ACTIVITY:
Once you reach the line with "Naszyjnik piasek pustyni", transcribe it and every line after it to the end of the records, exactly, but not the pictures.

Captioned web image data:
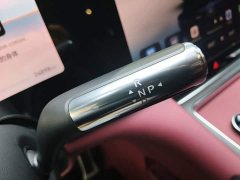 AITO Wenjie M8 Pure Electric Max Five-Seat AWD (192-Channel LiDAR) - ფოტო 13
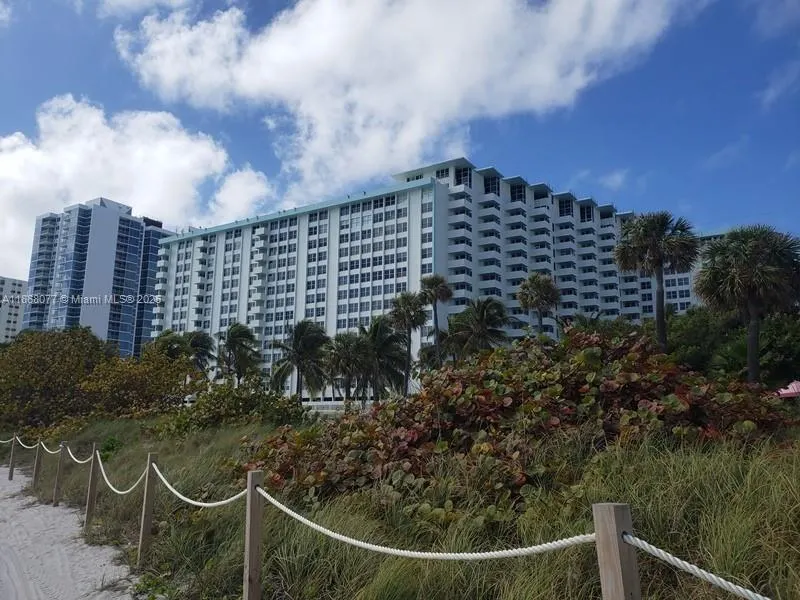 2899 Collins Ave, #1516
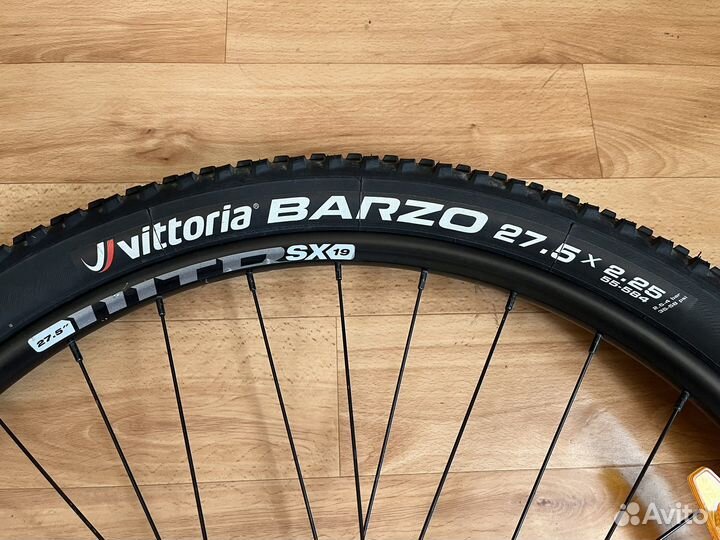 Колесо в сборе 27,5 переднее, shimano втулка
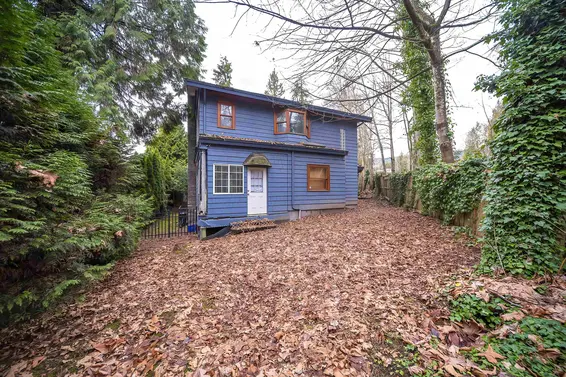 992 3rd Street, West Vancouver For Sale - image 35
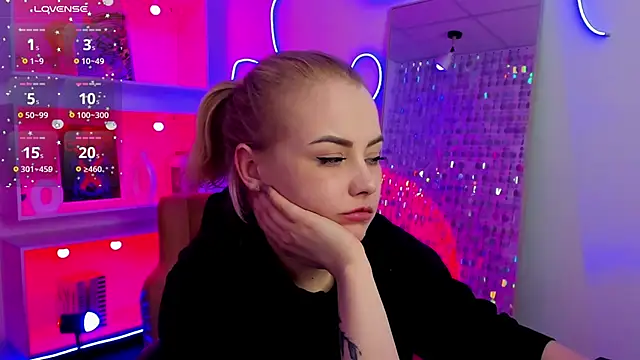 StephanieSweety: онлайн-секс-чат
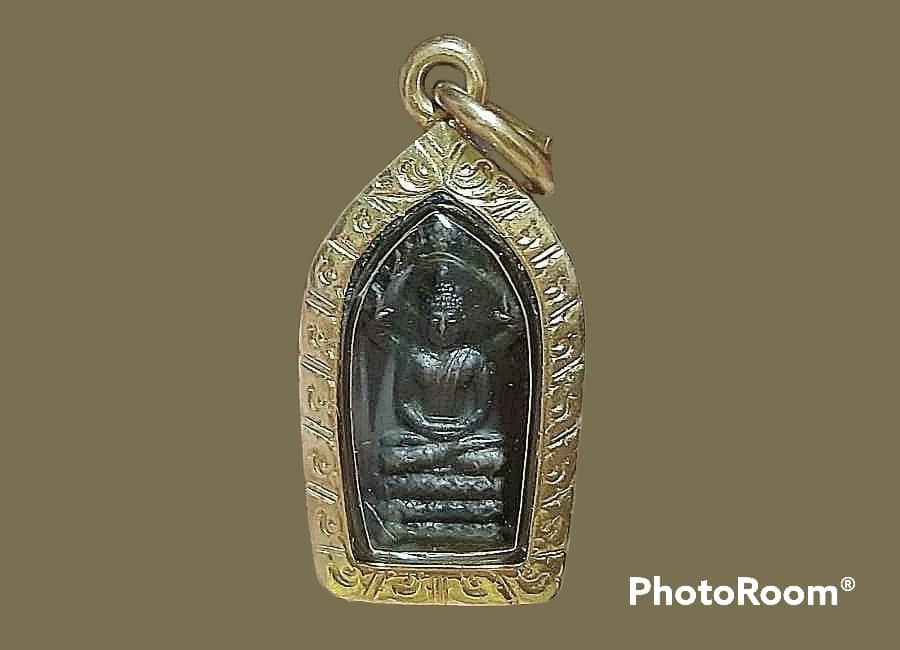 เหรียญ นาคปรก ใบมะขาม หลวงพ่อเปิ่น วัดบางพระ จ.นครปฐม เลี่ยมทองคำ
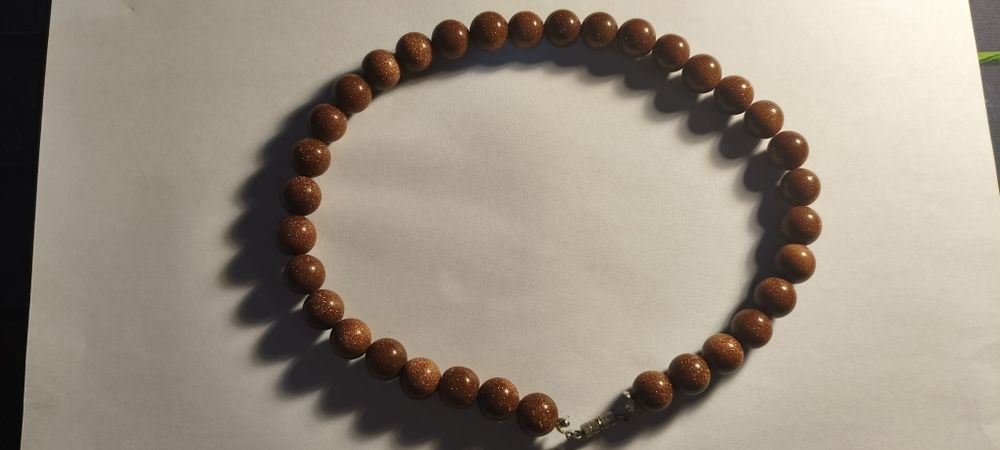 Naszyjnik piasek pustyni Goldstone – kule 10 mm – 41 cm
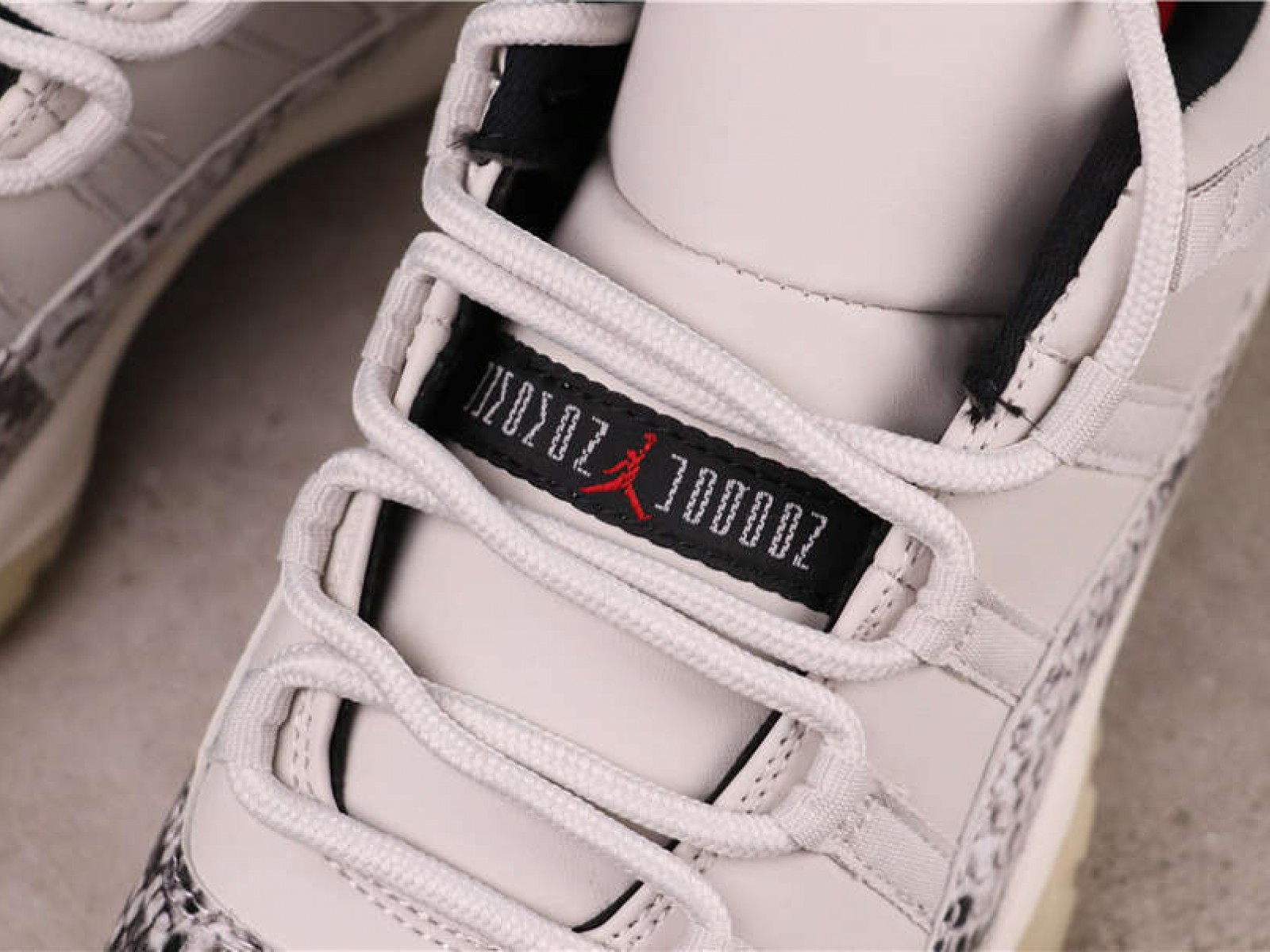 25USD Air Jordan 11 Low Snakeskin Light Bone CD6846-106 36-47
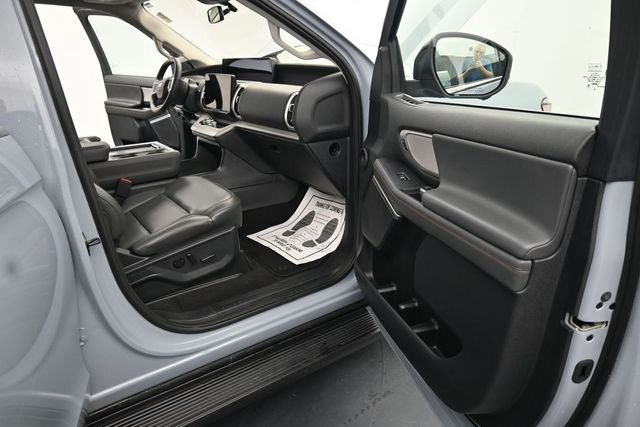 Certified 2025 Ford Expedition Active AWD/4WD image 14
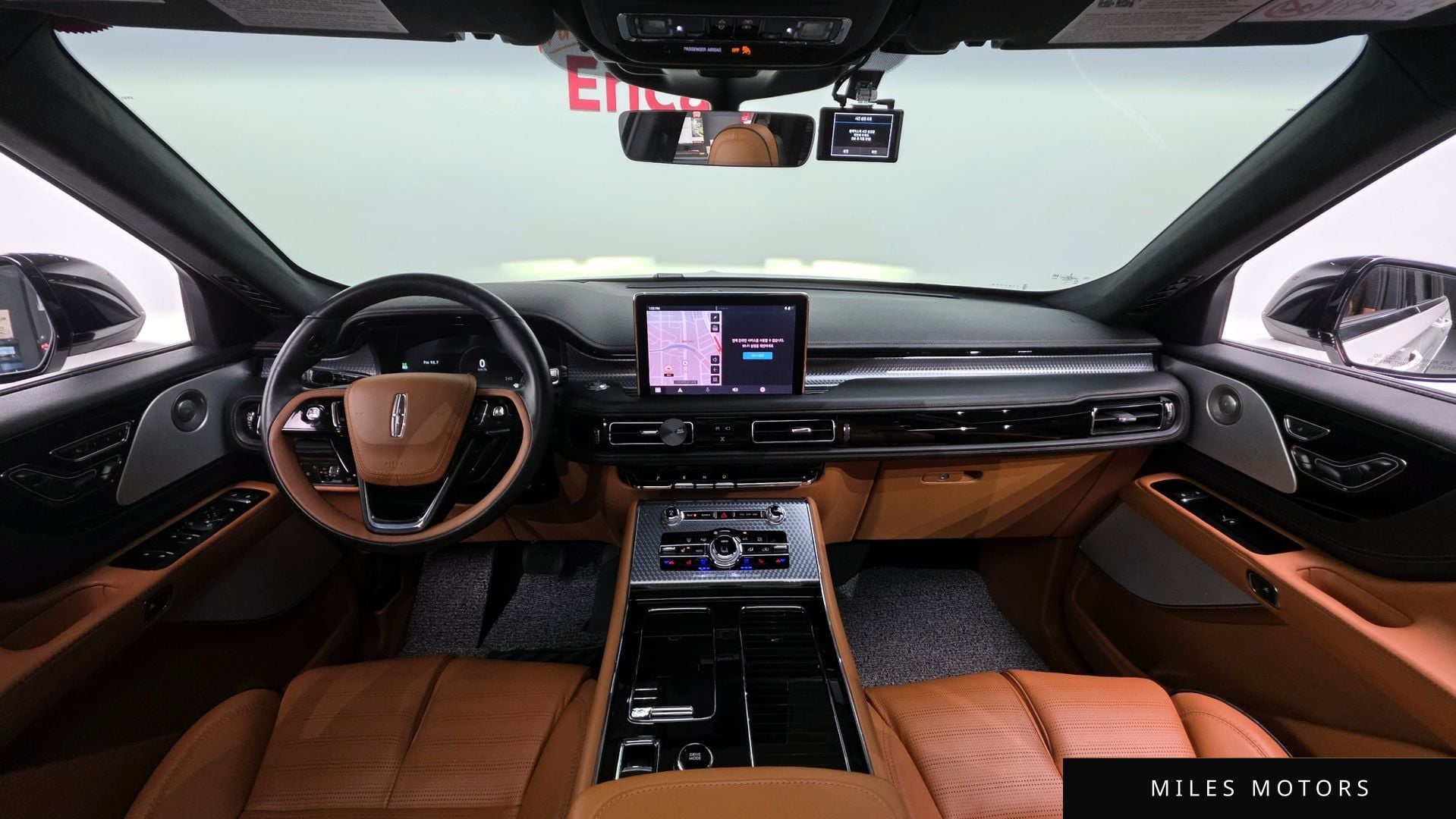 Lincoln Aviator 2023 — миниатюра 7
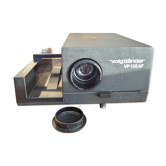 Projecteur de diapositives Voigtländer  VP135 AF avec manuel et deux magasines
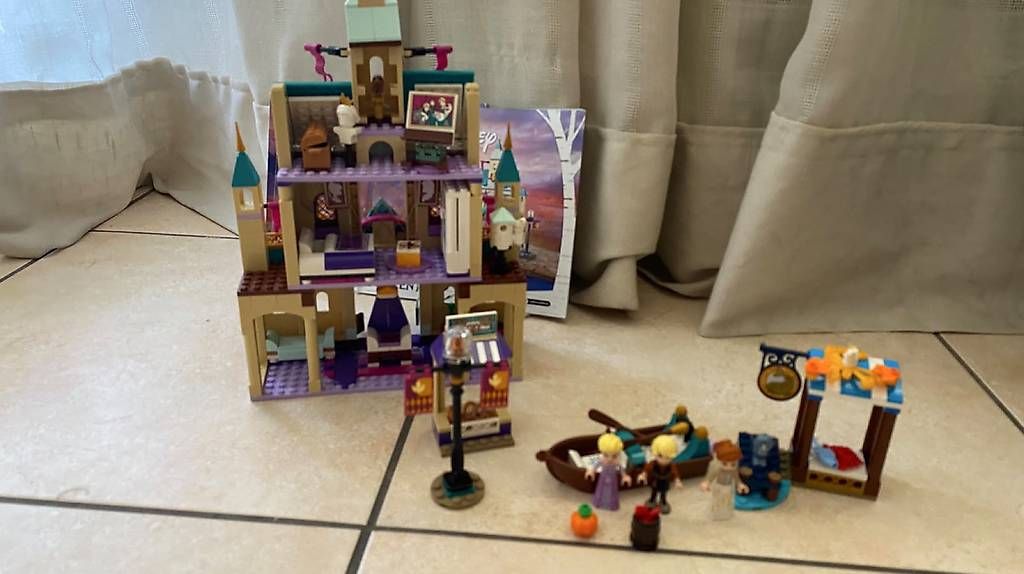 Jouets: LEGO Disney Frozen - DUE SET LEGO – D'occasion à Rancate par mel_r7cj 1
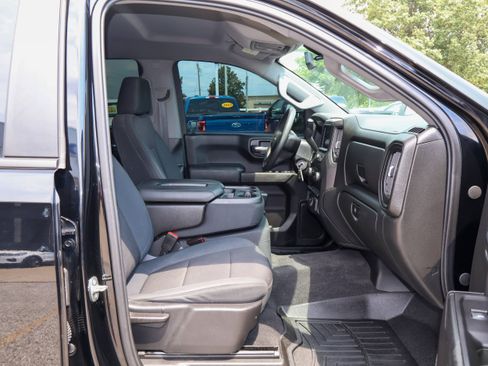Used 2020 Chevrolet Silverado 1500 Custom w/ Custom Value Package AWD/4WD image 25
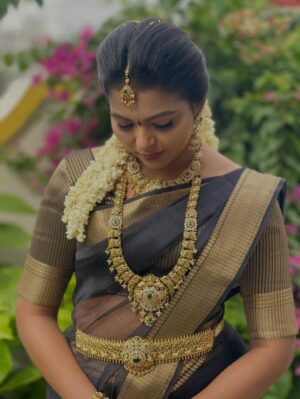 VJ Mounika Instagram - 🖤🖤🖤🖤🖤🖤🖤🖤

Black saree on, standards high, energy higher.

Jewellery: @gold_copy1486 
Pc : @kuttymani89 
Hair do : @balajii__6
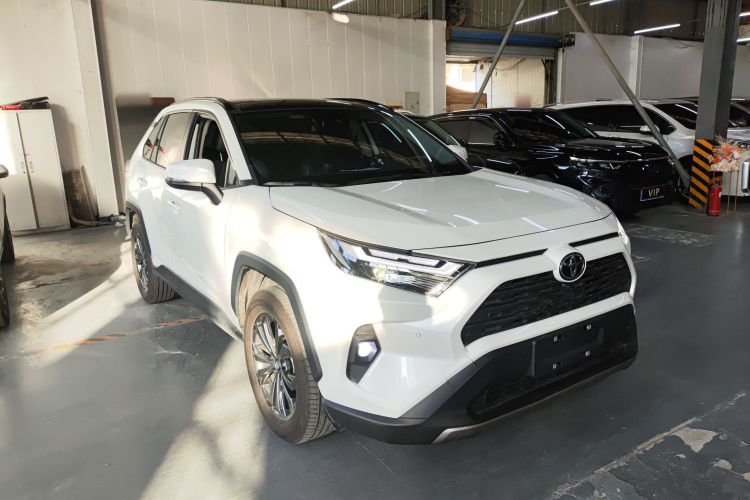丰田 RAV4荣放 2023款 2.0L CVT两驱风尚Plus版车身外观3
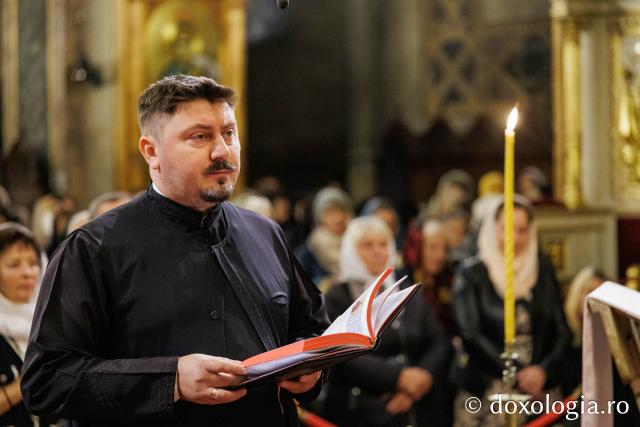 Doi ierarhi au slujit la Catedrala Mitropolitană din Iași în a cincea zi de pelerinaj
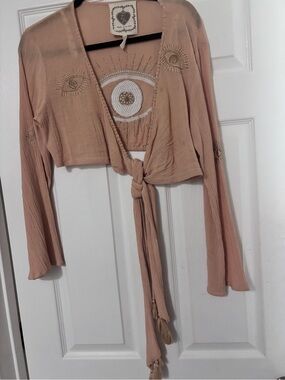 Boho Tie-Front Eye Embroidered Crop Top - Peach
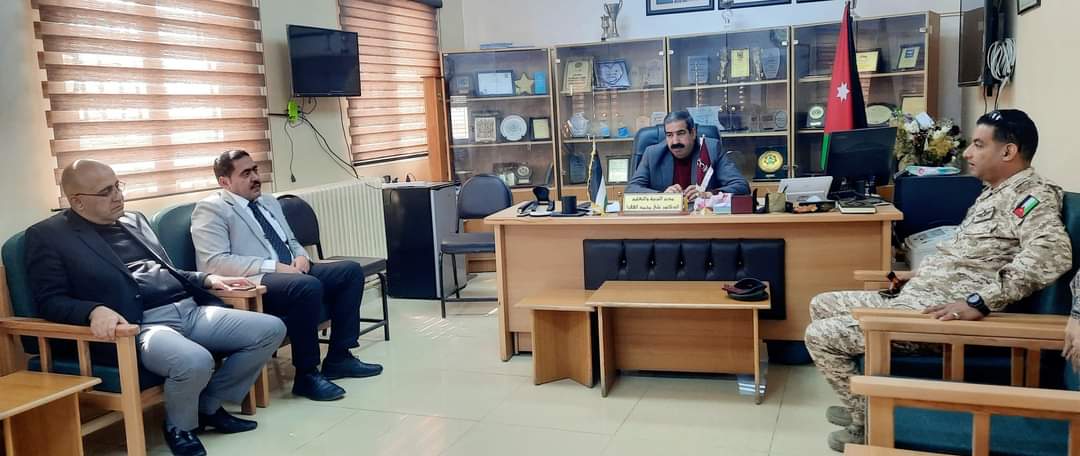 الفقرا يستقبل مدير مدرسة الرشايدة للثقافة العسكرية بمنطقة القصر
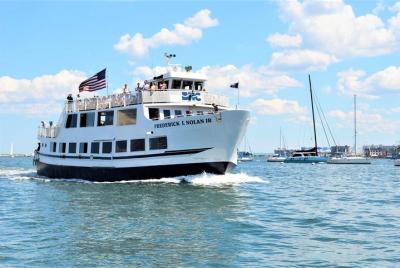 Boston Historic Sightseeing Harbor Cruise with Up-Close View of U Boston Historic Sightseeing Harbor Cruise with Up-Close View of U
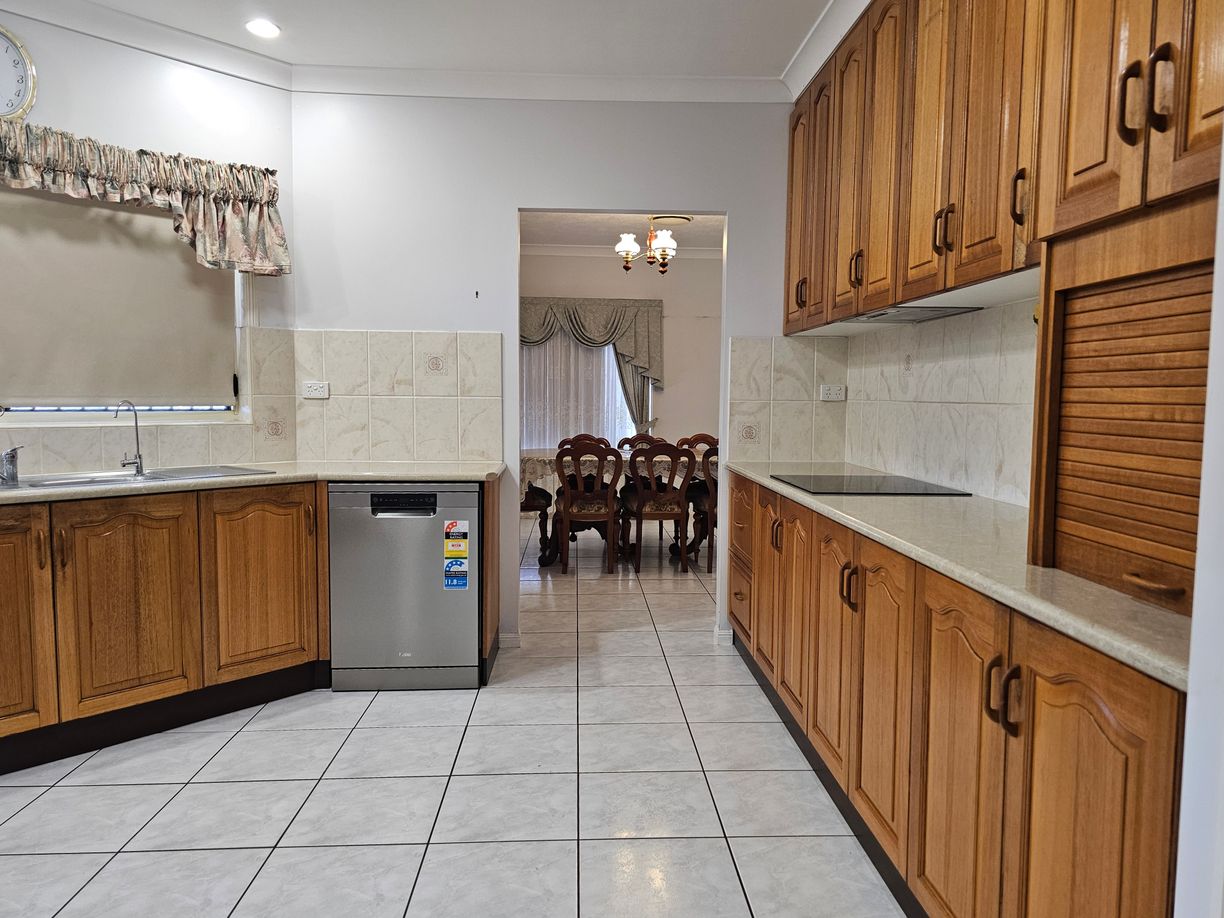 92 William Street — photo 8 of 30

SOLUTION FOR THIS TASK:
 Naszyjnik piasek pustyni Goldstone – kule 10 mm – 41 cm
 25USD Air Jordan 11 Low Snakeskin Light Bone CD6846-106 36-47
 Certified 2025 Ford Expedition Active AWD/4WD image 14
 Lincoln Aviator 2023 — миниатюра 7
 Projecteur de diapositives Voigtländer  VP135 AF avec manuel et deux magasines
 Jouets: LEGO Disney Frozen - DUE SET LEGO – D'occasion à Rancate par mel_r7cj 1
Used 2020 Chevrolet Silverado 1500 Custom w/ Custom Value Package AWD/4WD image 25
 VJ Mounika Instagram - 🖤🖤🖤🖤🖤🖤🖤🖤

Black saree on, standards high, energy higher.

Jewellery: @gold_copy1486 
Pc : @kuttymani89 
Hair do : @balajii__6
丰田 RAV4荣放 2023款 2.0L CVT两驱风尚Plus版车身外观3
 Doi ierarhi au slujit la Catedrala Mitropolitană din Iași în a cincea zi de pelerinaj
 Boho Tie-Front Eye Embroidered Crop Top - Peach
 الفقرا يستقبل مدير مدرسة الرشايدة للثقافة العسكرية بمنطقة القصر
 Boston Historic Sightseeing Harbor Cruise with Up-Close View of U Boston Historic Sightseeing Harbor Cruise with Up-Close View of U
 92 William Street — photo 8 of 30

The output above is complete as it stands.